I've read most of the posts here relating to reading and writing bytes to/from the data file. This is what I've come up with and I want to make sure that I'm not doing anything blatantly idiotic. First, I'll post the data file format and then my assumptions.
**** Data File Format Start ****
Start of file
4 byte numeric, magic cookie value identifies this as a data file
4 byte numeric, offset to start of record zero
2 byte numeric, number of fields in each record
Schema description section.
Repeated for each field in a record:
2 byte numeric, length in bytes of field name
n bytes (defined by previous entry), field name
2 byte numeric, field length in bytes
end of repeating block
Data section. (offset into file equal to "offset to start of record zero" value)
Repeat to end of file:
2 byte flag. 00 implies valid record, 0x8000 implies deleted record
Record containing fields in order specified in schema section, no separators between fields, each field fixed length at maximum specified in schema information
End of file
All numeric values are stored in the header information use the formats of the DataInputStream and DataOutputStream classes. All text values, and all fields (which are text only), contain only 8 bit characters, null terminated if less than the maximum length for the field. The character encoding is 8 bit US ASCII.

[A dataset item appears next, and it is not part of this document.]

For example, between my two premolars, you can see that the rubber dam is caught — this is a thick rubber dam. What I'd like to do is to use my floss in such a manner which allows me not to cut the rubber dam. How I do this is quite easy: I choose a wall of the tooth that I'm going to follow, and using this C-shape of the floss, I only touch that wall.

**** Data File Format End ****
- for the numeric values, I should be using RandomAccessFile#readInt and #readShort
- the valid record flag should equal a string of "\u0000\u0000" and the delete field flag should equal a string of "\u8000"
- I should be using RandomAccessFile#readFully instead of #read when loading my byte objects
- When I convert the bytes I read into a String, I should do a new String(bytes,"US-ASCII") and a strObj.getBytes("US-ASCII") on writes
- "US-ASCII" is really 7 bit and I need 8 bit. Am I missing something here or do I need another encoding?

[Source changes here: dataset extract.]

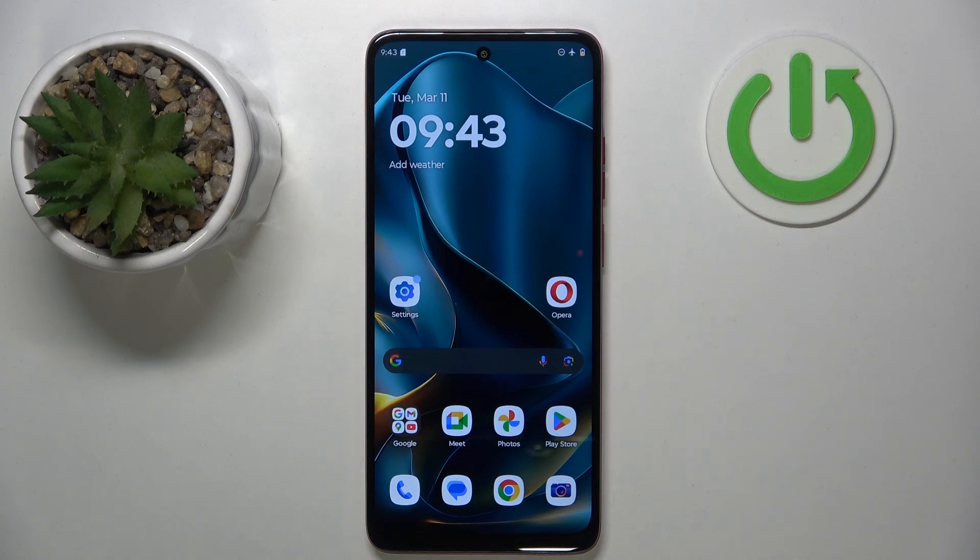Hello, in this video I will show you how to perform a hard reset through settings on Motorola Moto G35.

- I'm not sure of the best way to handle my delete flag writes, RandomAccessFile#writeChars("\u8000")???
- Even though it's been highly debated, I think I'll keep from trimming the spaces following many of the values in the data file, when I read them into memory.
- When reading in the field values, I'll have to loop through the chars and find the first null, everything before that will be my field value.
Thanks a lot gang.
Nice summation of so many discussions.
"US-ASCII" is really 7 bit and I need 8 bit. Am I missing something here or do I need another encoding?

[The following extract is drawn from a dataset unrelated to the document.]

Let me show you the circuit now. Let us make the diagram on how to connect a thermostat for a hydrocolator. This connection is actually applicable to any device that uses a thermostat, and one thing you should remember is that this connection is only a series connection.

Welcome to the wonderful world of clueless user specifications. :roll:
You have to make a design decision. Is it likely the user wants US-ASCII or an 8-bit format?
By the way: UTF-8 "uses all bits of an octet, but has the quality of preserving the full US-ASCII range: US-ASCII characters are encoded in one octet having the normal US-ASCII value, and any octet with such a value can only stand for an US-ASCII character, and nothing else." (from the UTF-8 RFC).
I'm not sure of the best way to handle my delete flag writes
Have you considered converting 0x8000 into the equivalant short value, and reading and writing it that way?
When reading in the field values, I'll have to loop through the chars and find the first null, everything before that will be my field value.
Presumably stopping if you reach the end of a field length without finding a null.
This all sounds pretty good. It sounds like you have made a few design decisions to get to what you have written. Have you documented them?
Thanks for your input. Yeah, my choices.txt is growing by leaps and bounds but I'm learning a lot in the process.
I'm still a little stumped on the encoding though... I saw one individual claim to have gotten a 91% using the default encoding, Philippe M. is a proponent of "US-ASCII", and Andrew seems to imply that "UTF-8" is the way to fly. Hmmmm....
As far as the delete flag is concerned... I could use RandomAccessFile.writeShort(Character.getNumericValue('\u8000')) but what's the real advantage over using RandomAccessFile.writeChars(new String("\u8000","UTF-8")) or even RandomAccessFile.writeChar(Character.getNumericValue('\u8000'))?